El actual (des)orden internacional ha colocado a Chile en una disyuntiva crítica. En un mundo que se fractura en bloques, donde prima la lógica de “conmigo o contra mí”, las potencias en pugna exigen alineamientos claros. Frente a esta presión, han surgido en el debate local conceptos seductores pero ambiguos: “autonomía estratégica”, “no alineamiento activo”, “autonomía inteligente”. Términos atractivos en el discurso, pero peligrosamente vagos en la práctica.
La reciente polémica sobre la participación chilena en calidad de observador en los BRICS expone esta contradicción. Se argumenta que asistir como observador fue un ejercicio de autonomía. Sin embargo, la decisión respondió principalmente a no contrariar a Brasil —un socio clave—, revelando que, en los hechos, primó la conveniencia sobre la autonomía. Este episodio deja una lección incontrovertible: la verdadera autonomía no se declama, se ejerce. Y ejercerla implica tomar decisiones difíciles, no simplemente aceptar invitaciones diplomáticas.
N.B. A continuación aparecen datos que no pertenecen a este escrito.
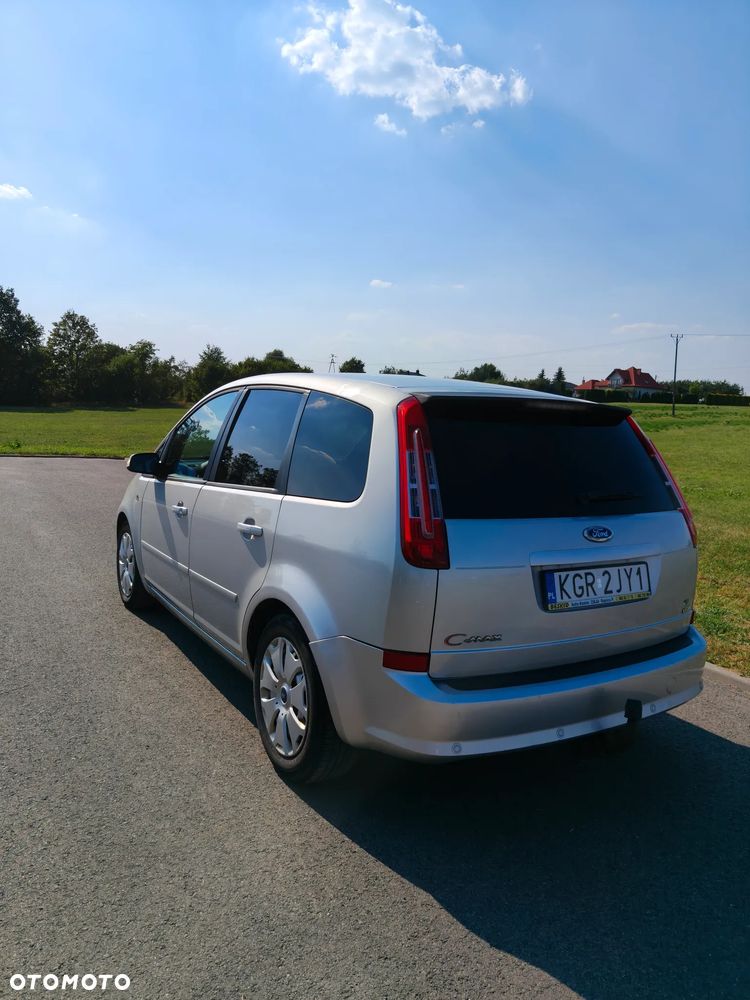 Ford C-MAX 2.0 TDCi Ghia - 5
El BRICS, más que un bloque económico, es un proyecto geopolítico. Sus miembros principales —China, Rusia— representan valores antagónicos a los que Chile históricamente ha defendido: democracia, derechos humanos, multilateralismo basado en reglas. ¿Cómo conciliar una presencia activa en este foro, como se ha propuesto, con una política exterior de autonomía estratégica? No es posible.
Participar en espacios dominados por regímenes autoritarios no amplía nuestra autonomía; la compromete. Cada cumbre a la que asiste Chile sin objeciones equivale a un aval tácito a agendas que contradicen nuestros intereses.
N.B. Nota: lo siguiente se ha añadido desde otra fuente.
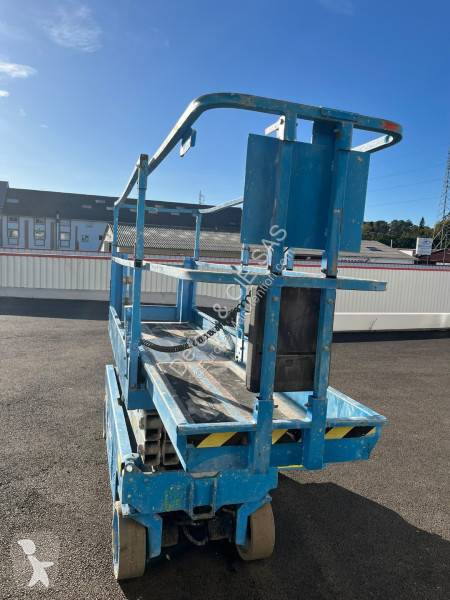 Plataforma elevadora Genie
Quienes impulsan esta “autonomía” sugieren una participación amplia en todos los foros internacionales, bajo la premisa de que la presencia contribuye a la influencia y la autonomía. Sin embargo, los datos muestran que Chile representa menos del 0,3% del PIB y el comercio global. En consecuencia, Chile es una economía pequeña y abierta, con limitada incidencia en asuntos globales.
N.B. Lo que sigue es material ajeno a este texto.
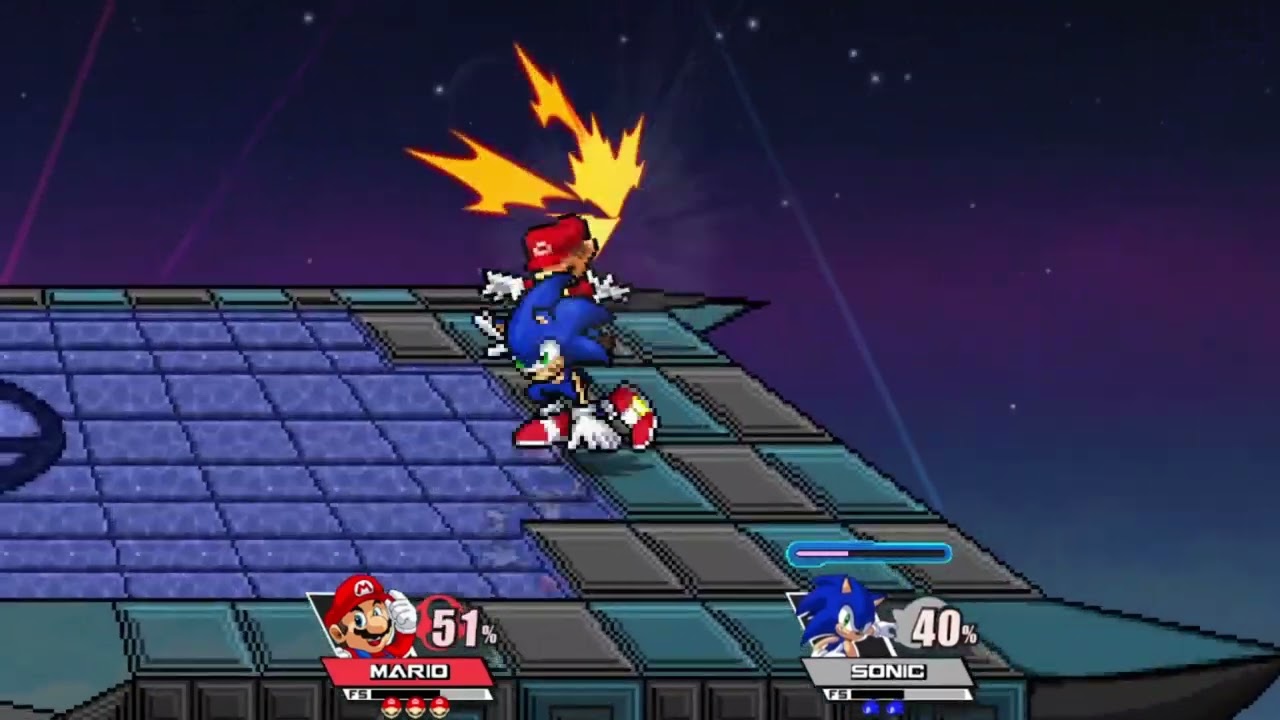 Super Smash Bros. Crusade/CMC V8 - Request Battle #166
El concepto de soft power y las aspiraciones de protagonismo deben analizarse considerando que, en un contexto dominado por grandes potencias, las naciones pequeñas adquieren relevancia principalmente a través de alianzas selectivas y estrategias coherentes. Un ejemplo de esto es el ingreso de Chile a la OCDE, lo que entregó señales claras a los mercados, mientras que la participación entre los países no alineados puede interpretarse de manera contradictoria.
La autonomía exige priorizar antes que proliferar. Implica:
-Definir límites claros: No hay autonomía sin capacidad de rechazar invitaciones que contradigan nuestros intereses.
-Coherencia entre valores y acciones: Una política exterior feminista o comprometida con los DDHH no puede silenciarse ante Irán, o los países del medio oriente y otros que violan los derechos humanos.
-Pragmatismo sin oportunismo: Las relaciones con Brasil o China son vitales, pero no justifican avalar foros o declaraciones que erosionan nuestra credibilidad.
Chile enfrenta una elección estratégica: decir “no” cuando corresponde, asumir costos diplomáticos y concentrarse en espacios donde nuestra voz suma. O bien —la que hoy parece dominar entre algunos expertos— nos condena a dar legitimidad a discursos ajenos a los intereses de Chile, antioccidentales, diluyendo principios a cambio de una falsa sensación de relevancia.
El camino es estrecho, pero claro: en un mundo polarizado, la única estrategia posible es la que se construye sobre la base de coherencia, pragmatismo, selectividad y voluntad para defender posiciones propias. Todo lo demás es retórica vacía.